Учебников по истории тогда не было. Мария Петровна учила нас писать конспекты. Заставляла не просто заучивать факты и положенное истолкование, а анализировать и самим делать выводы. По истории мы писали сочинения. Иногда мне удавалось угадать, какую тему предложит Мария Петровна. Помню сочинение, в котором надо было дать обоснованную оценку политики Людовика Одиннадцатого, в другом обсуждались заслуги Петра Первого.

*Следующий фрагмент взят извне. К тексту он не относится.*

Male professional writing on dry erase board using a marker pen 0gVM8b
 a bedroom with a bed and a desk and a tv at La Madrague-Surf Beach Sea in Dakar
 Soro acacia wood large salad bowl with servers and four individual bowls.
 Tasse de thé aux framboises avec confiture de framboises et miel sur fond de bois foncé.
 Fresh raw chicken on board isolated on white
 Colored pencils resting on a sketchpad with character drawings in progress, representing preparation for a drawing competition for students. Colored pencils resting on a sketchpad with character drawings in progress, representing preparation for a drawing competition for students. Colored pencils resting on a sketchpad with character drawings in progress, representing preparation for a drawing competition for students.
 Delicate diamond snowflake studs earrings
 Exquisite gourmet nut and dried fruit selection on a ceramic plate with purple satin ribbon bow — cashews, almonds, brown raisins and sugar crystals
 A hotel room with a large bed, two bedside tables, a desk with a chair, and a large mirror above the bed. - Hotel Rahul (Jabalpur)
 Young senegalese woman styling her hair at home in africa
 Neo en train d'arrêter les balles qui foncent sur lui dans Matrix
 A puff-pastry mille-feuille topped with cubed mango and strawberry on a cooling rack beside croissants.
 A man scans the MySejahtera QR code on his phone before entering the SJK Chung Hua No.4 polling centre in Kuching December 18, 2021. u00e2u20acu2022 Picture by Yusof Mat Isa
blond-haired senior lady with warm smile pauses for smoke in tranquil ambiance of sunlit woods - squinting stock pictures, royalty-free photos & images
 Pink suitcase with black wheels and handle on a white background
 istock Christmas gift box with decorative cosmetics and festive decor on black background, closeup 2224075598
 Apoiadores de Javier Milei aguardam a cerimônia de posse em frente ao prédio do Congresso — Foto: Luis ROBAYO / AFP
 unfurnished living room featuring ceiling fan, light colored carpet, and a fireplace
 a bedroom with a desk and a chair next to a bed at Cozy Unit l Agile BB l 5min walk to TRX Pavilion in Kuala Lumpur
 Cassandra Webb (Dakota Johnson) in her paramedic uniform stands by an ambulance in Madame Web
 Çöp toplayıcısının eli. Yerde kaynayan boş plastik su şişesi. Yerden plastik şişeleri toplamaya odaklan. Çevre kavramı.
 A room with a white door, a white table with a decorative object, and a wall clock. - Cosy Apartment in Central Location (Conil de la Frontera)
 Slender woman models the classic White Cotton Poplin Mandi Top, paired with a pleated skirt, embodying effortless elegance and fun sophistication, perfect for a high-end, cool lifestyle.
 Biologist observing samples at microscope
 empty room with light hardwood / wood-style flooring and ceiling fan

Мария Петровна работала также в пединституте, читала методику преподавания истории, вела практику. В двадцатые годы подвизалась на рабфаке. Многие из ее учеников-рабфаковцев сидели теперь в руководящих креслах. Их помощью и поддержкой она при случае пользовалась, не злоупотребляя оной. Во время рабфаковской деятельности, ее привлекли к суду общественности за рассказ о жизни и творчестве Леонардо да Винчи. Судилище долго гремело, оценивая ее преступление в свете тогдашней аксиомы ничтожества личности в истории. Конец затянувшемуся хаю положил некто здравомыслящий: «А хоть интересно было? — Еще бы, конечно! — Так о чем говорить?» На том судилище и окончилось. Обошлось без костра и без административных мер.